This weekend we migrated Broadstuff over to its very own server owing to the traffic it now gets, unfortunately we lost the link to the last post so its now reconstituted below but with a new page ID.
While we were doing this I read a post by Steven Hodson
about type of Bloggers - in short, he defines 4 main types, in ascending order of monetisation:
- Do it for fun
- Do it for offset profit eg consulting etc
- Single/small teams doing it to earn income
- The Big Blogs (are these really blogs, or just online media - they don't really behave like blogs any more)
Its a good article, and two areas I thought I'd like to comment on:
Many bloggers who buy their own domain will then need somewhere to host it and this is where they often make their first mistake (I’m still living with this one). They will more than often go with the cheapest hosting package they can which is generally something called Shared Hosting. Well, when you see that run far far away from it because if you go that route that decision will come back to bite you right on the ass. Don’t go for the most expensive hosting package of course, but make sure that you have a good solid upgrade path that can be done with the flip of a cyber switch.

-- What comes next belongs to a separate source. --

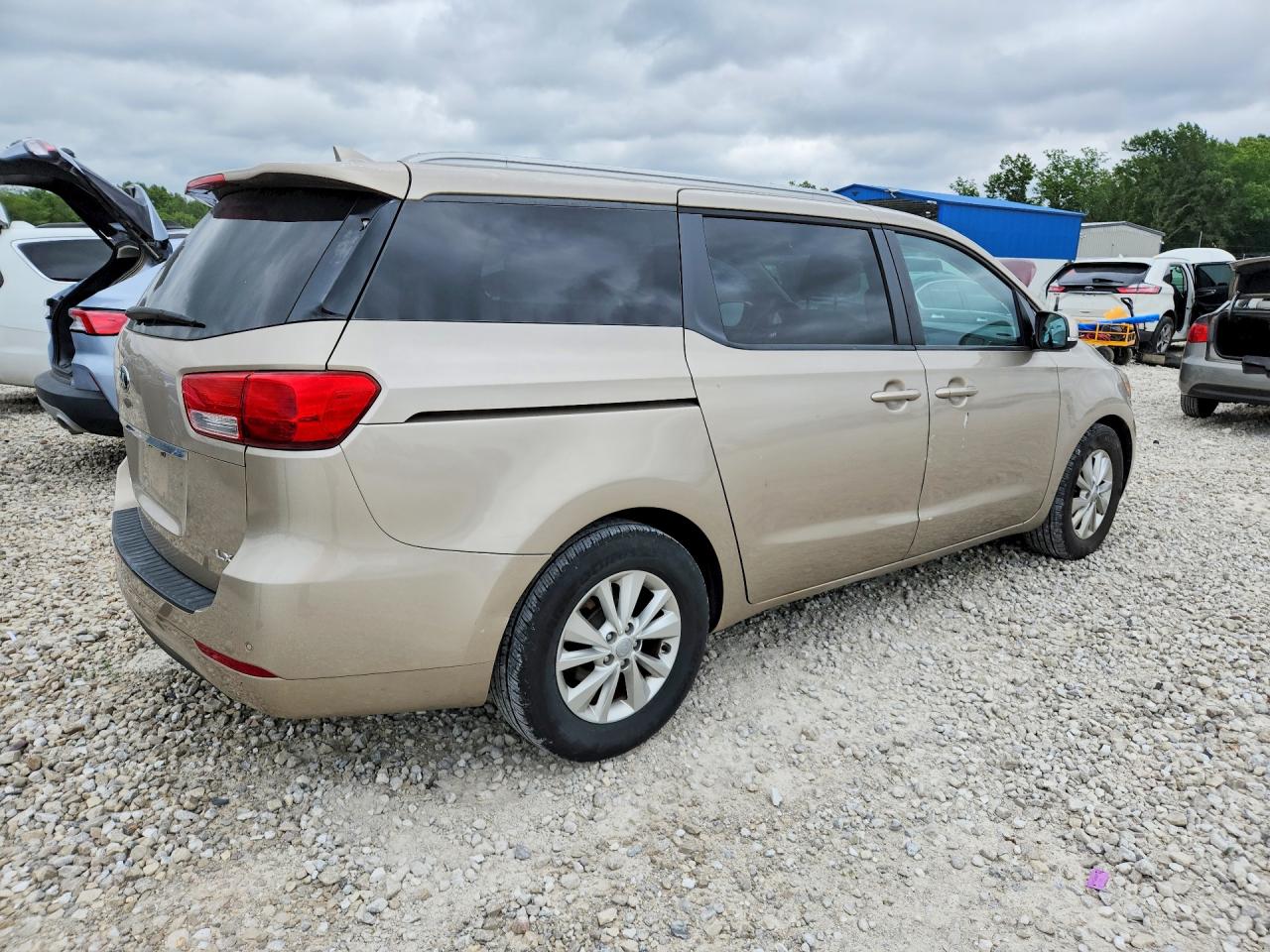 2016 Kia Sedona Lx Tan vin: KNDMB5C10G6098435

Our experience is that the last sentence is key - as our blog has grown, we have moved from very shared, to flexible capacity, and now to its won server - being able to do it remotely, on the same hoster, has made things much easier. The other thing we'd say is backup, backup, backup.
The other point I'd like to comment on is value creation - Steven makes these points:
....so if you are the type of person who likes his or her technology with a splash of reality be prepared to find the road forward a tad on the difficult side.
and
any smart business minded blogger would realize that by concentrating on make their blog an authoritative voice in any space could potentially make them an attractive purchase.
While we've found the same as Steven, ie that a blog that tries to inject some reality into what can be an overhyped space (like this blog as well as Steven's) is less attractive to PR / Marketing types who want to promote stuff today, we do believe in the longer term it will create value by being more trusted, and that in our view will have its own value as we believe it will attract higher value customers, and (maybe one day) higher value Ads.